Frequently Asked FUE Questions

What is FUE (Follicular Unit Extraction)

This is a technique for harvesting individual follicular units by extracting them directly from the scalp, one at a time, in their natural occurring groups, with a surgical manual punch-like instrument or with a punch like instrument controlled by a robot.

Are FUE grafts qualitatively equal to grafts produced through traditional strip harvesting under microscopic control

The quality of non-transected follicular units extracted through FUE can vary from patient to patient and doctor to doctor. It is not unusual that transected (damaged) units occur with the manual FUE process and with inexperienced doctors, the degree of damage can be considerable. Traditional strip harvested grafts, on the other hand, can be controlled from patient to patient and within team members when the surgical team is well disciplined. Some doctors have mastered the patient to patient variability of FUE grafts and can produce graft quality that, under optimal conditions, has hair survival that approaches that of traditional strip harvested grafts. But finding doctors having the skills and competence in using manual FUE can be difficult.

What are the patient variables that affect the quality of the traditional FUE grafts?

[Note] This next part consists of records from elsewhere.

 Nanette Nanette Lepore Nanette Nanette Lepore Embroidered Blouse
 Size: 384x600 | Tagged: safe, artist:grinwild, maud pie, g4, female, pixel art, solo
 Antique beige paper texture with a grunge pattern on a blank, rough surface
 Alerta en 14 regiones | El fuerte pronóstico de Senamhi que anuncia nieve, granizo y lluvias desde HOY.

In our publication on the subject we studied the type of prevailing collagen found in the scalp of patients who had both successful and unsuccessful FUE grafts. Studies we had done suggested that grafts which contained more ‘elastin’ collagen fibers and had thinner follicular capsules made FUE easier for the surgeon and produced better quality grafts in the manual FUE process. When the robot is used, the variability on quality is minimized.

Do all surgeons use the same tools when performing FUE?

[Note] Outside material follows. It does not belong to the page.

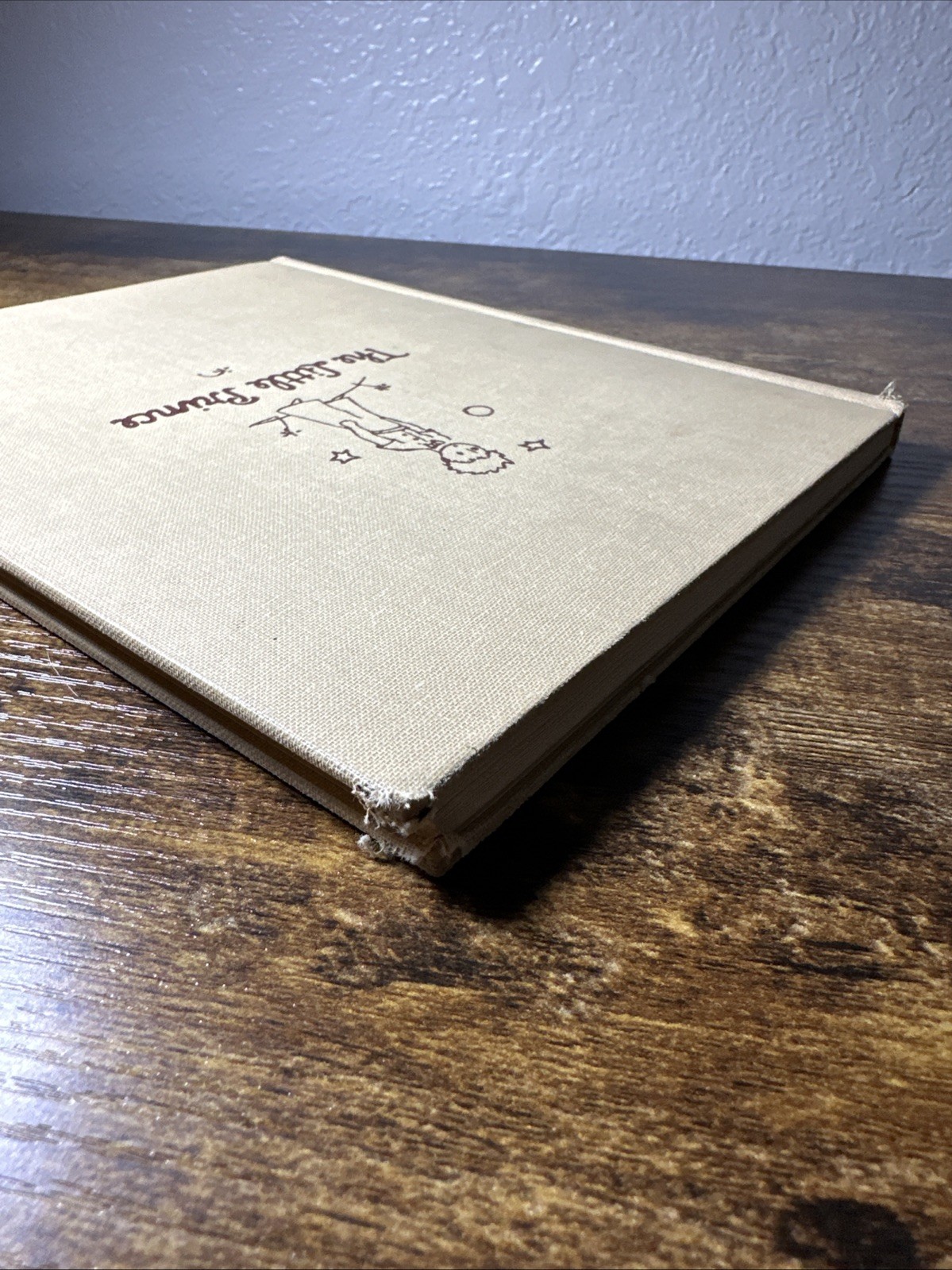 THE LITTLE PRINCE by SAINT-EXUPERY 1943 Vintage Early Edition HC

The tools that are used in FUE vary considerably among doctors. This has led many doctors to develop their own specialized tools. What is impressive is the wide range of tools used by doctors who do this type of surgery. Some doctors use sharp punches and some use dull ones; some use combined sharp and dull punches (this is the way the Artas robot does FUE), scoring the skin with a sharp punch followed by dissection of the graft with a dull punch in a two step process; while other use drills that rotate to specified speeds like a dental drill or oscillate back and forth; and others use vibrating tools like the cast cutters used to remove plaster casts from a broken arm, just a small version of one. All of these tools have been found to have similar results. This indicates that no tool or technique seems to work for every surgeon other than the Artas Robot. Whatever tools are used, the survival of the hairs in a graft is what determines the value of the tool. Ask your surgeon what type of tools they use and why they prefer that tool. The Artas Robot is more predictable in the hands of less skilled surgeons. NHI has been doing FUE since 1996, and during that time it developed both tools and skills that make their results comparable to the robot.

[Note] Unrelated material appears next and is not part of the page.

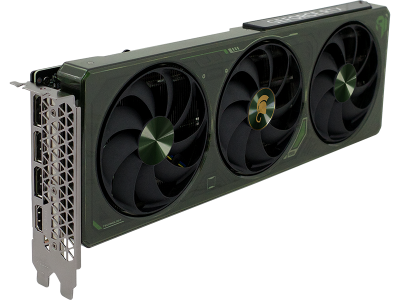 Card đồ hoạ Manli GeForce RTX™ 4070 Ti Super 16GB Gallardo Triple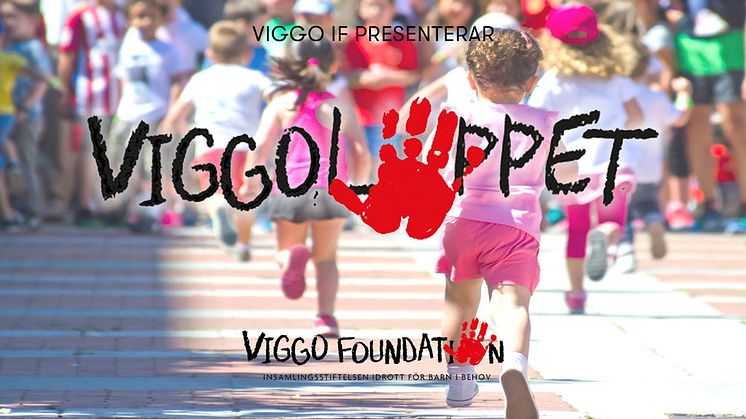 Den 9 oktober är Viggoloppet är tillbaka för barn och unga med funktionsvariationer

How do the surgeons' skills and techniques impact the rate of extraction and success in lowering transection rates with FUE?

The surgeons’ skills vary considerably. Some doctors produce an impressive FUE technique with minimal hair damage and good extraction rates using manual instruments. Other doctors produce considerable hair damage in the FUE grafts. Reports indicate harvesting rates vary from 100 grafts/hour to as many as 1000 or more grafts per hour. NHI’s rate often runs in excess of 1000 grafts/hour. Ask yourself if claims that show such wide discrepancies in extraction rates can be believed. Also, statistics on transection rates are not published but appropriate questions to the doctor about his/her transection rate will tell you much about the doctor’s honesty, integrity and skills. When you speak to the doctor about this, read both his words and his body language as you hear his/her answer to this question.

How do doctors get qualified in performing FUE?

Few doctors have not been trained in performing FUE because training is not generally available. When courses were first introduced through the ISHRS [International Society for Hair Restoration Surgery] in 2004, didactic work and work shops were offered to new doctors, but these opportunities are not a substitute to human learning. Prior to that, doctors interested in responding to the high consumer demand for this procedure just learned what they could from reading articles in medical journals or by attending workshops sporadically held in various countries. “Training” for most doctors, however, was essentially a trial and error process and, unfortunately, this does not guarantee that the surgeon offering the procedure has mastered the skills or techniques adequately to produce consistently high quality grafts with minimal hair damage and low transection rates. There is no certification for manual FUE, but the Artas robot, on the other hand, does guarantee that the FUE process itself, will work ideally; however, if the surgical team does not have the skills and quality control mechanisms in place and a long history of successful hair transplantation, even with the Artas Robot, there is no guarantee the the FUE will work well producing the results you would expect to get.

Do I have to shave my hair from the donor area before my procedure?

For the person who has never had hair transplants and wants to style their hair in a short buzz cut, one can maximize the number of grafts in a single session or have NHI perform a Long Hair FUE where the donor area is not shaved. For those people who wish to hide their FUE with longer hair, we can perform the extraction in shaved layers of 3-4 mm each, separated by longer hair of comparable width. However, performing FUE with longer hair with strips of skin shaved, may require more sessions than standard FUE. Alternatively, Long Haired FUE is an option invented and regularly performed at NHI.